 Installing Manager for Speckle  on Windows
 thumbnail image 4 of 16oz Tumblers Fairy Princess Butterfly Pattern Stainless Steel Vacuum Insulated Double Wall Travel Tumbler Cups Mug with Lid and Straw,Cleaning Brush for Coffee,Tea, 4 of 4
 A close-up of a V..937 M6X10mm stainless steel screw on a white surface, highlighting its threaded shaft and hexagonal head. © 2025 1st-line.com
☆ ☆ ☆ ☆ ☆ ☆ ☆
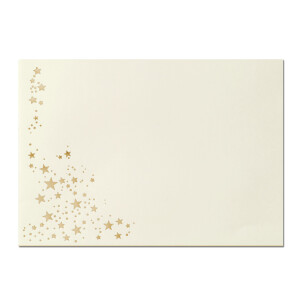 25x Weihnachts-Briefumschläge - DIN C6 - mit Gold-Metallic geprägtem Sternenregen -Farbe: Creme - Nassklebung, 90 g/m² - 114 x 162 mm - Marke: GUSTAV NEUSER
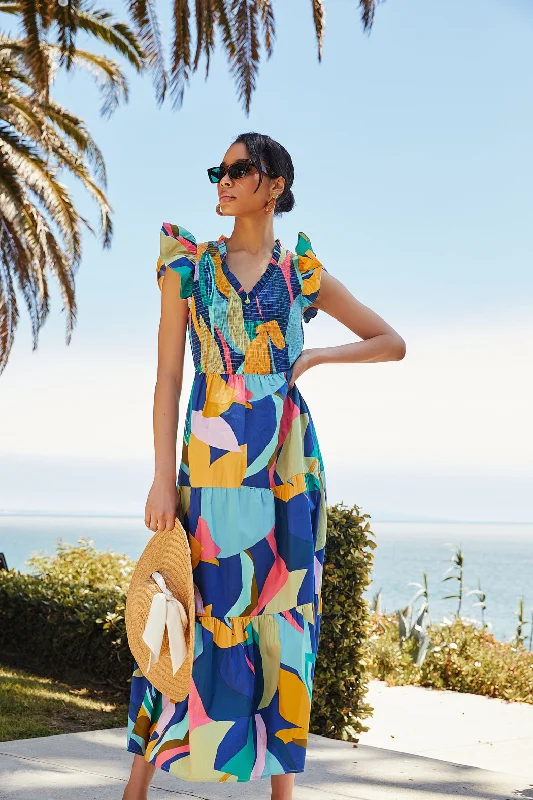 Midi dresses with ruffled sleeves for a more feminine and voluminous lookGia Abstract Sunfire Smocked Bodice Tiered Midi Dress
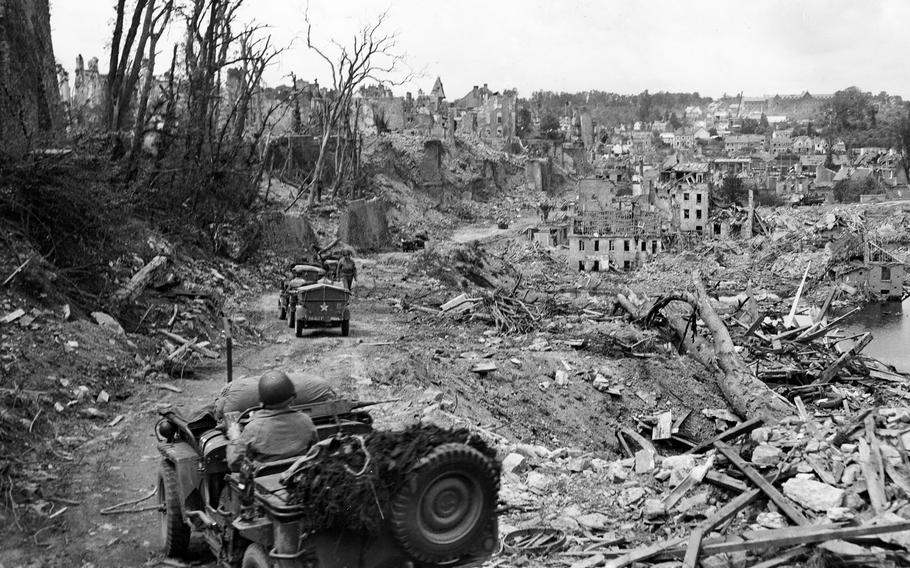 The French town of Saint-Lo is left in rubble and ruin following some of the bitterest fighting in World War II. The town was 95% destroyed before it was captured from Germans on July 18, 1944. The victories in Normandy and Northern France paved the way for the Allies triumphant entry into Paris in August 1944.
☆ ☆ ☆ ☆ ☆ ☆ ☆
TASK TO CARRY OUT.
Could you restate word for word the lines above from the one containing "Installing Manager for" through the one containing "A close-up of", both included, and nothing else?

EXERCISE ANSWER.
 Installing Manager for Speckle  on Windows
 thumbnail image 4 of 16oz Tumblers Fairy Princess Butterfly Pattern Stainless Steel Vacuum Insulated Double Wall Travel Tumbler Cups Mug with Lid and Straw,Cleaning Brush for Coffee,Tea, 4 of 4
 A close-up of a V..937 M6X10mm stainless steel screw on a white surface, highlighting its threaded shaft and hexagonal head. © 2025 1st-line.com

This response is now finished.